▶ **What is needed**:
Would you repeat the listing below exactly, with no pictures in it?

· · · · · · ·

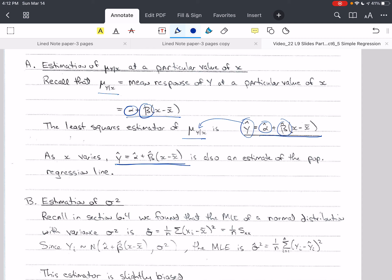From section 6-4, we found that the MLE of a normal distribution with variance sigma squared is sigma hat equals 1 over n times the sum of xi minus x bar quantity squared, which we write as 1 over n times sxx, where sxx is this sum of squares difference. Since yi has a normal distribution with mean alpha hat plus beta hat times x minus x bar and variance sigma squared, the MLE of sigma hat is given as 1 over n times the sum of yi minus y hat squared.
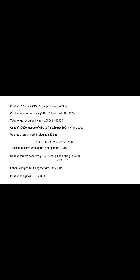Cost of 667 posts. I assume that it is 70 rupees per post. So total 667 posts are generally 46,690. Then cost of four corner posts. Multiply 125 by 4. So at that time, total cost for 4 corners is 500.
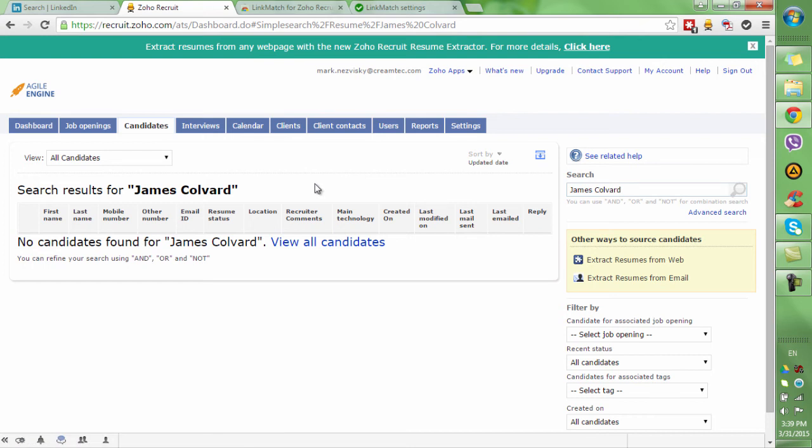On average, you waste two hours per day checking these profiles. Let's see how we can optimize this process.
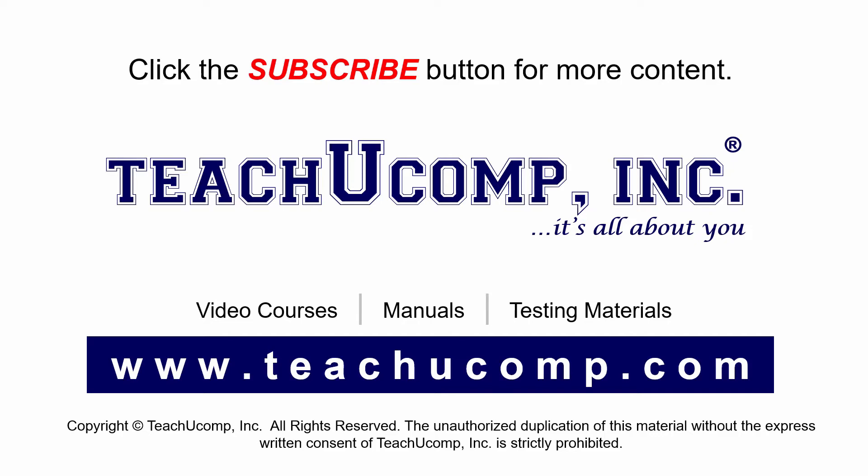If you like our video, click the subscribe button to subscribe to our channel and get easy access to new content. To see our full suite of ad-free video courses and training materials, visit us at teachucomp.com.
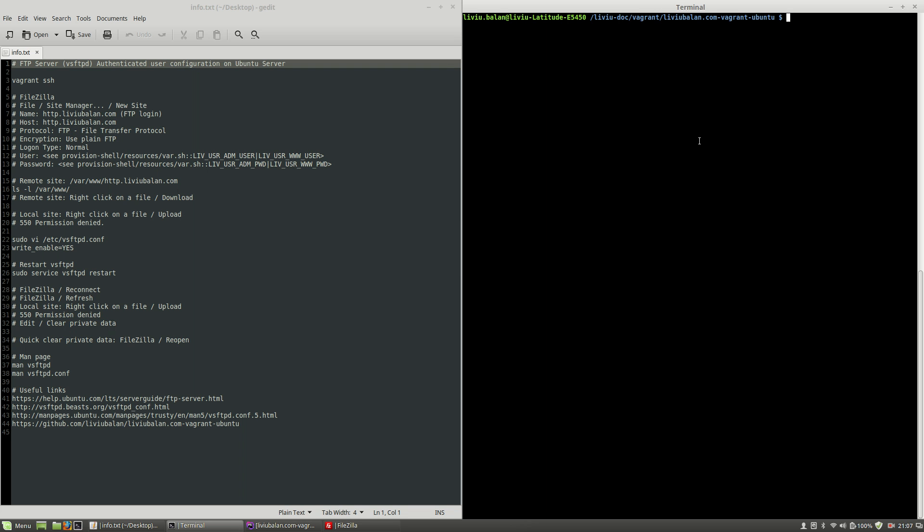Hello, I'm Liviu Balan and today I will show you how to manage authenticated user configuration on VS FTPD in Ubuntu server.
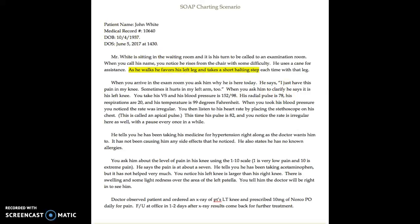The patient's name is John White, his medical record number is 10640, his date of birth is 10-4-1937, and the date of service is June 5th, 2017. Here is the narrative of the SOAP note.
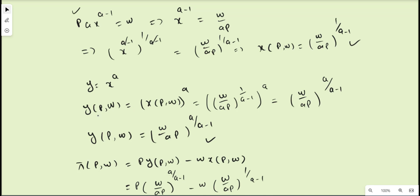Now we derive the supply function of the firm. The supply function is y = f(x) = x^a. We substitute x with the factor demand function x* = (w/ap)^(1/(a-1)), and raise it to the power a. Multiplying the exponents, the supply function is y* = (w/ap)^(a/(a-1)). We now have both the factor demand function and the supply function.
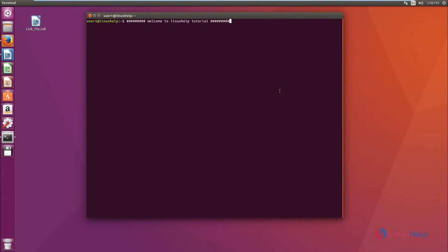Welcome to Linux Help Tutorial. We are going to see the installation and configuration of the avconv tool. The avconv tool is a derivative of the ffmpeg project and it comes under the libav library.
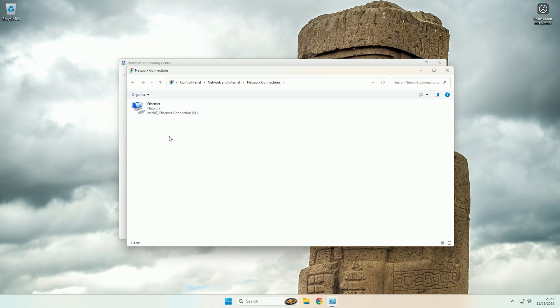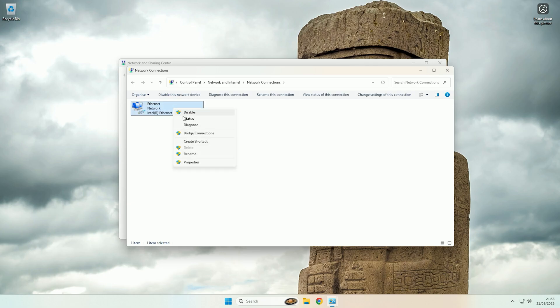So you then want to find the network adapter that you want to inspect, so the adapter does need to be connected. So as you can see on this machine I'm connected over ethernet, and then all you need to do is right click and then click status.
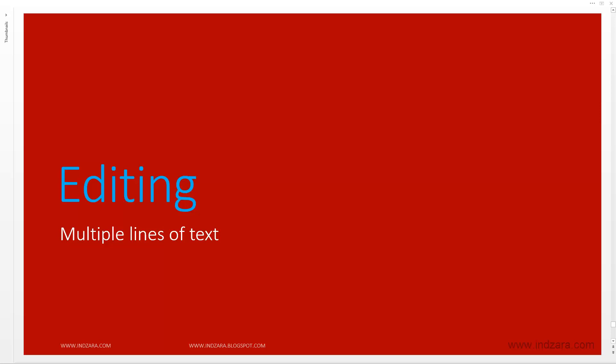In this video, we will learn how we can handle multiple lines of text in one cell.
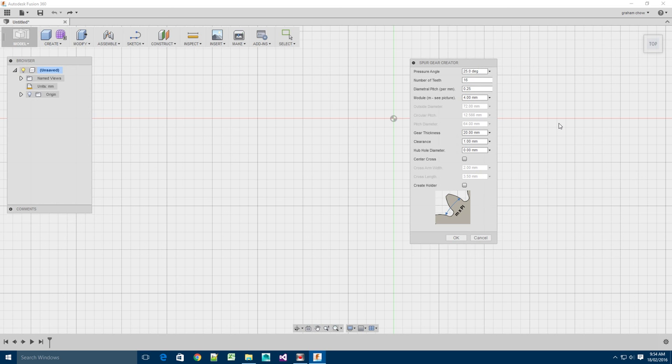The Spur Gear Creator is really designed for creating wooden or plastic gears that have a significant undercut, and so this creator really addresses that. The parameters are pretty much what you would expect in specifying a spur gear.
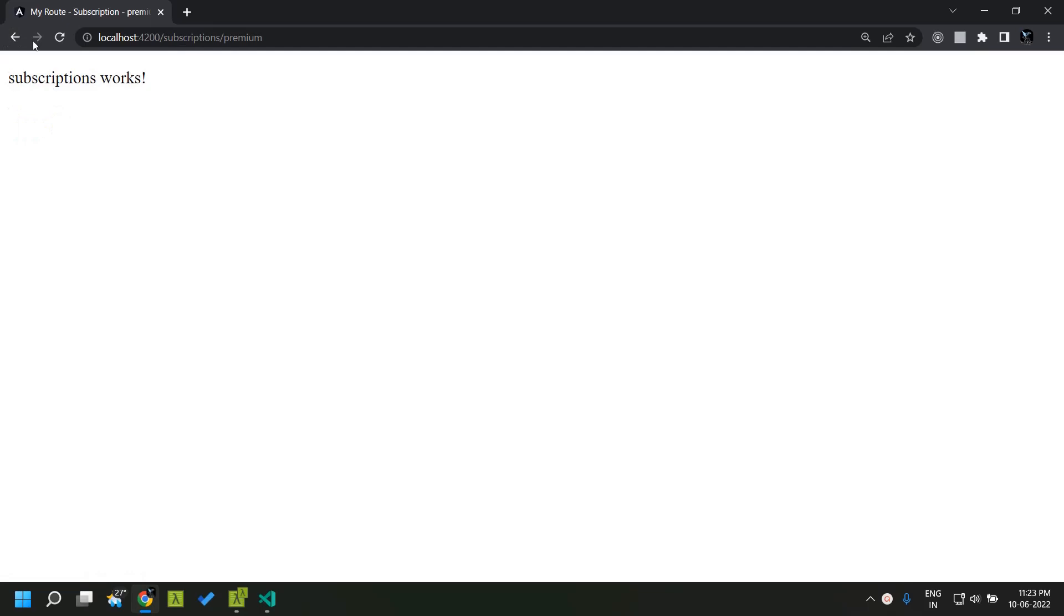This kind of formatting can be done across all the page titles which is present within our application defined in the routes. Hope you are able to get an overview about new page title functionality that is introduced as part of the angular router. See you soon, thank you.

· · · · · · ·

▶ **Answer box**:
From section 6-4, we found that the MLE of a normal distribution with variance sigma squared is sigma hat equals 1 over n times the sum of xi minus x bar quantity squared, which we write as 1 over n times sxx, where sxx is this sum of squares difference. Since yi has a normal distribution with mean alpha hat plus beta hat times x minus x bar and variance sigma squared, the MLE of sigma hat is given as 1 over n times the sum of yi minus y hat squared.
Cost of 667 posts. I assume that it is 70 rupees per post. So total 667 posts are generally 46,690. Then cost of four corner posts. Multiply 125 by 4. So at that time, total cost for 4 corners is 500.
On average, you waste two hours per day checking these profiles. Let's see how we can optimize this process.
If you like our video, click the subscribe button to subscribe to our channel and get easy access to new content. To see our full suite of ad-free video courses and training materials, visit us at teachucomp.com.
Hello, I'm Liviu Balan and today I will show you how to manage authenticated user configuration on VS FTPD in Ubuntu server.
The patient's name is John White, his medical record number is 10640, his date of birth is 10-4-1937, and the date of service is June 5th, 2017. Here is the narrative of the SOAP note.
Now we derive the supply function of the firm. The supply function is y = f(x) = x^a. We substitute x with the factor demand function x* = (w/ap)^(1/(a-1)), and raise it to the power a. Multiplying the exponents, the supply function is y* = (w/ap)^(a/(a-1)). We now have both the factor demand function and the supply function.
Welcome to Linux Help Tutorial. We are going to see the installation and configuration of the avconv tool. The avconv tool is a derivative of the ffmpeg project and it comes under the libav library.
So you then want to find the network adapter that you want to inspect, so the adapter does need to be connected. So as you can see on this machine I'm connected over ethernet, and then all you need to do is right click and then click status.
In this video, we will learn how we can handle multiple lines of text in one cell.
The Spur Gear Creator is really designed for creating wooden or plastic gears that have a significant undercut, and so this creator really addresses that. The parameters are pretty much what you would expect in specifying a spur gear.
This kind of formatting can be done across all the page titles which is present within our application defined in the routes. Hope you are able to get an overview about new page title functionality that is introduced as part of the angular router. See you soon, thank you.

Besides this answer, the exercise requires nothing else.